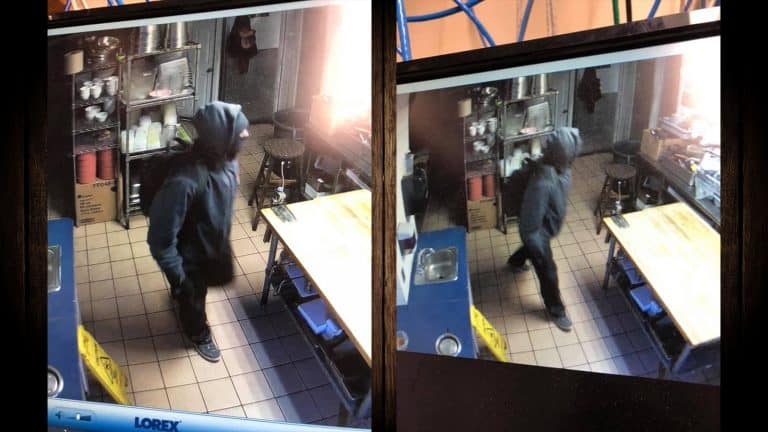 Yellowknife's Monkey Tree Pub captured these images reportedly showing a suspect breaking into the building on January 17, 2020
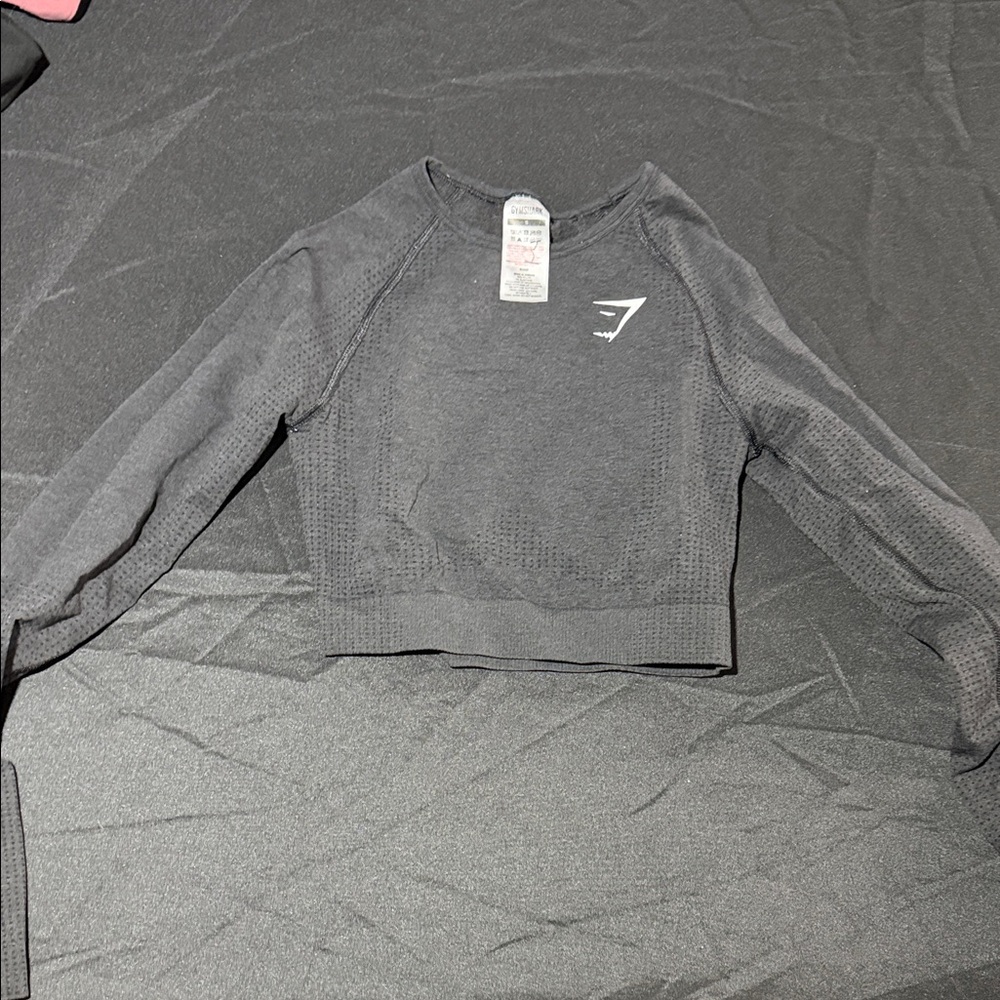 Gymshark Charcoal Long Sleeve Top
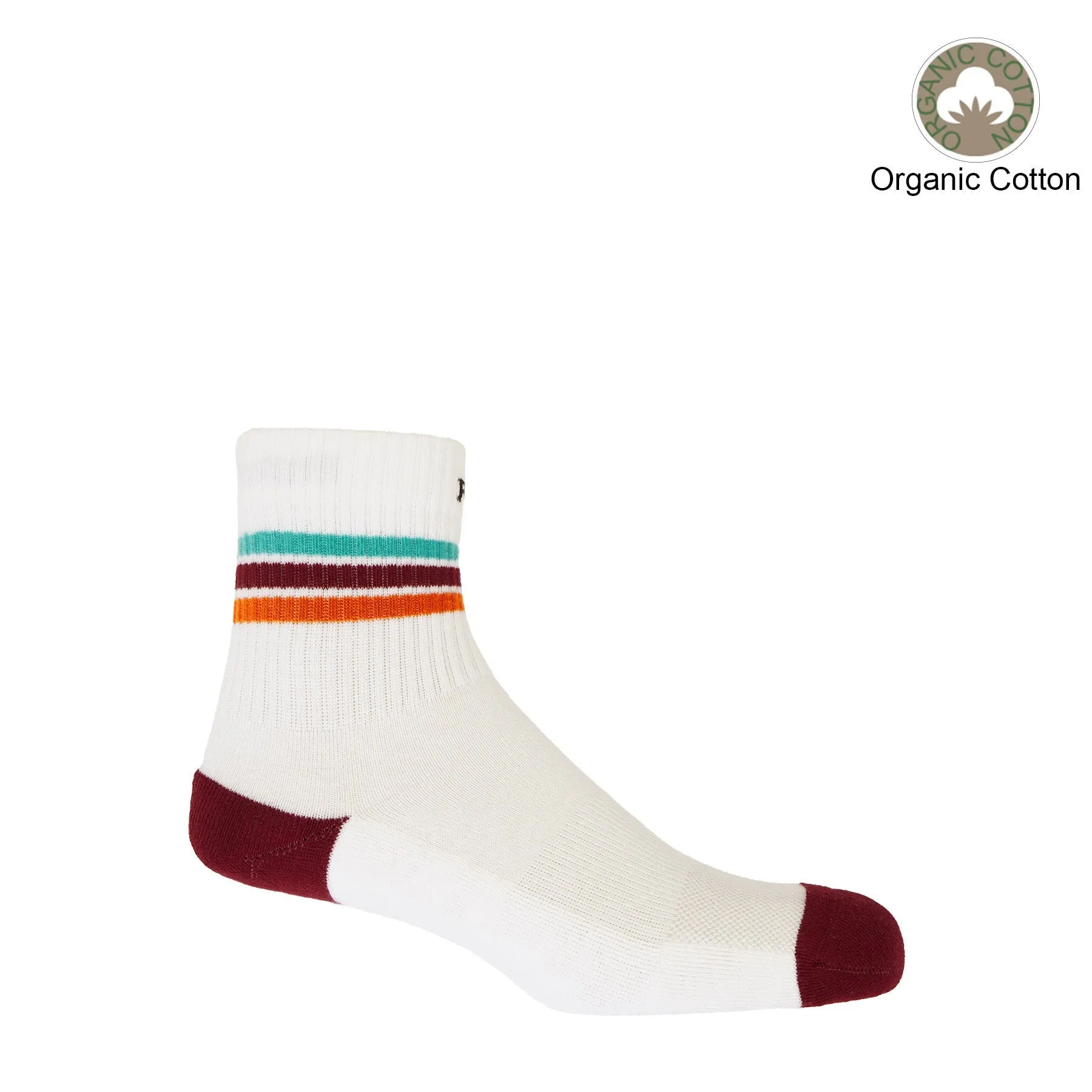 Men’s Orange Trainer Socks Bundle – Organic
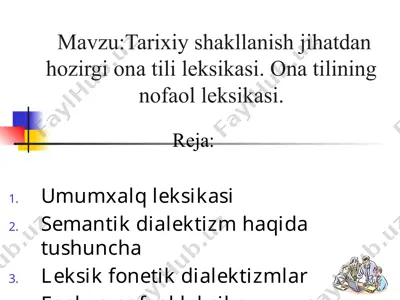 ona tilining tarixiy shakllanishi — PPTX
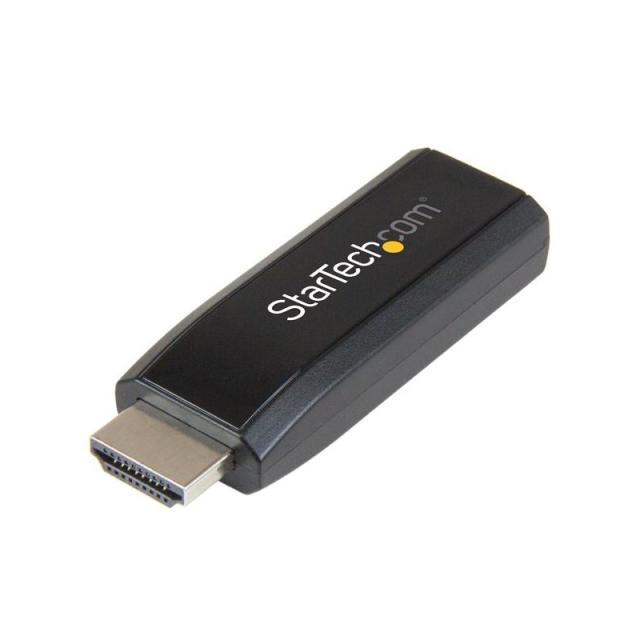 StarTech.com - Adaptador compacto de vídeo HDMI a VGA con audio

TRY IT:
Would you give the material back exactly, minus the pictures?

RESULT:
 Yellowknife's Monkey Tree Pub captured these images reportedly showing a suspect breaking into the building on January 17, 2020
 Gymshark Charcoal Long Sleeve Top
 Men’s Orange Trainer Socks Bundle – Organic
 ona tilining tarixiy shakllanishi — PPTX
 StarTech.com - Adaptador compacto de vídeo HDMI a VGA con audio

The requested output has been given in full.